[[ ENTRIES SUPPLIED open ]]

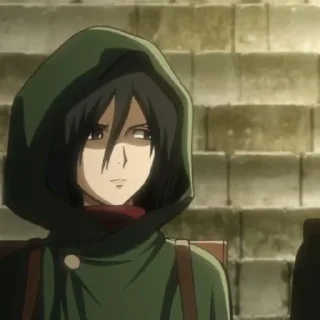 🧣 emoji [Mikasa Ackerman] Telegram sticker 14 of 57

[[ ENTRIES SUPPLIED closed ]]
[[ ENTRIES SUPPLIED open ]]

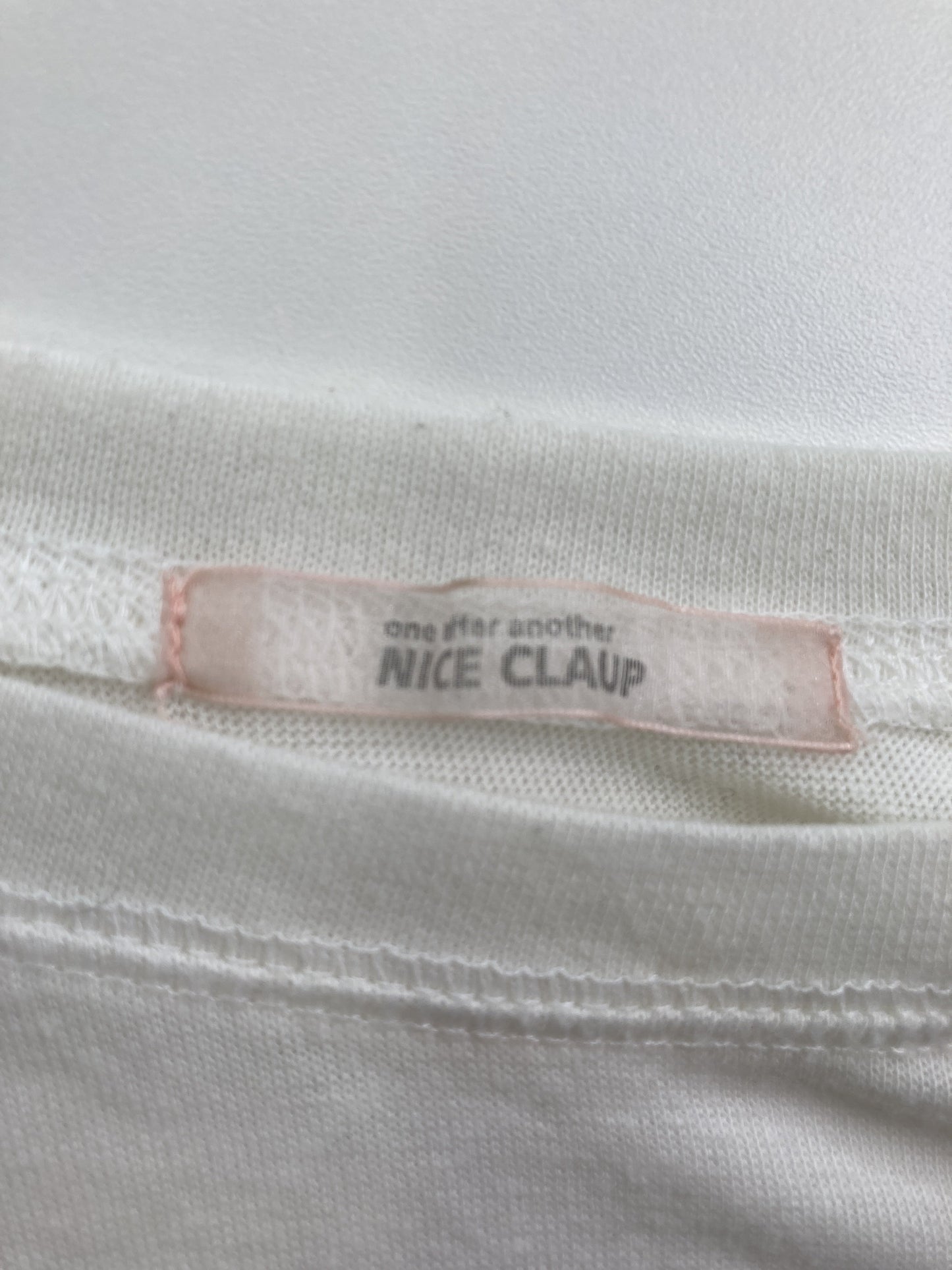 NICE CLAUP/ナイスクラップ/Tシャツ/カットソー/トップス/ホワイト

[[ ENTRIES SUPPLIED closed ]]
[[ ENTRIES SUPPLIED open ]]

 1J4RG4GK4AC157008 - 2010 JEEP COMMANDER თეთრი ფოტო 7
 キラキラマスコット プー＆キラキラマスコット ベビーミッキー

[[ ENTRIES SUPPLIED closed ]]

● WHAT YOU NEED TO DO
From the data above, output only the lines between the line containing "1J4RG4GK4AC157008 - 2010" and the line containing "キラキラマスコット プー＆キラキラマスコット ベビーミッキー", inclusive, exactly as written.

● FINAL ANSWER
 1J4RG4GK4AC157008 - 2010 JEEP COMMANDER თეთრი ფოტო 7
 キラキラマスコット プー＆キラキラマスコット ベビーミッキー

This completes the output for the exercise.